Pitfalls of early success in music industry

I refer to Eddino Abdul Hadi's article Singapore Stars Arising (Life, Sept 21).

Congratulations are in order for the young singer-songwriters who have signed multi-rights deals with record labels, scored gigs at music festivals and embarked on international tours even before they have released an EP.

Kudos to the record companies, music festival and tour organisers who have boldly taken on these budding singer-songwriters so early in their careers.

Indeed, things are looking bright for young musicians here.

Then why am I so apprehensive about the current state and the future of music creation in Singapore?

The answer is that I am not just looking out for good home-grown singer-songwriters and bands, but great ones.

I am basically longing for the same frisson when I first heard Humpback Oak and Lunarin's debut albums.

Early success for these young musicians is a double-edged sword. It is great to have affirmation of one's talent and be able to pay the bills so soon in one's career.

On the flip side, much of that affirmation stems from the intrinsic market pressure faced by the record companies and tour organisers.

Their modus operandi is to grab these youngsters before their competitors do.

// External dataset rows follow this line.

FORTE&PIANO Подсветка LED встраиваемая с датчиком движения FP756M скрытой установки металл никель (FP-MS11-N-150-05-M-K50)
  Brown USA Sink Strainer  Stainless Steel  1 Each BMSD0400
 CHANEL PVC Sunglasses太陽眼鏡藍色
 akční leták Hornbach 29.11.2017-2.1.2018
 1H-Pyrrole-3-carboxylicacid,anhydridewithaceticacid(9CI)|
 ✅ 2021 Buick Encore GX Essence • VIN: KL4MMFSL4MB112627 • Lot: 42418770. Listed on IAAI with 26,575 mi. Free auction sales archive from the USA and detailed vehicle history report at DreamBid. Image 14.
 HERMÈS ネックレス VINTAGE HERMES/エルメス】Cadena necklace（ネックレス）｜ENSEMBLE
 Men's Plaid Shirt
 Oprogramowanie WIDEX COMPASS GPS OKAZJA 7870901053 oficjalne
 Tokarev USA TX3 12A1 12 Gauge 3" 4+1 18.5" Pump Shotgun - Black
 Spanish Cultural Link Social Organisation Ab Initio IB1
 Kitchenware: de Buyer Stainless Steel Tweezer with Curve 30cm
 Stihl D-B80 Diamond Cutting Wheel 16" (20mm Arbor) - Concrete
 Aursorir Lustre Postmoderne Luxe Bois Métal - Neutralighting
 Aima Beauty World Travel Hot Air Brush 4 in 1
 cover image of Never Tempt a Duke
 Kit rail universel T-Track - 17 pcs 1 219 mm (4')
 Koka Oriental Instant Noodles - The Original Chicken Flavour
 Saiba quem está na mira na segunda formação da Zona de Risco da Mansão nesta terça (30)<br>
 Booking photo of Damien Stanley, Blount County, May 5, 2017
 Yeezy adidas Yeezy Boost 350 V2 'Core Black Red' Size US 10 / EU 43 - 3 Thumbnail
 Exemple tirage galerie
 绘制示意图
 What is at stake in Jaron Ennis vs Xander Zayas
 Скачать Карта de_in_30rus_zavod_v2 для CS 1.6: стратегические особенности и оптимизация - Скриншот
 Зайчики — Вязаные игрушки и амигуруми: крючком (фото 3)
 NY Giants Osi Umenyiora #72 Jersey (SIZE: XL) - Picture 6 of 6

It begs the question of the kind of musicians we will produce if they are validated on the basis of a limited oeuvre.

With barely a few songs to their name, but so much bestowed upon them already, these budding musicians really have it good.

What may happen is that they believe the hype about themselves and rest on their laurels, failing to push themselves to produce great music.

Unfulfilled potential is a real consequence of such early success. And we music lovers who expect so much more from our home-grown musicians will be the poorer for it.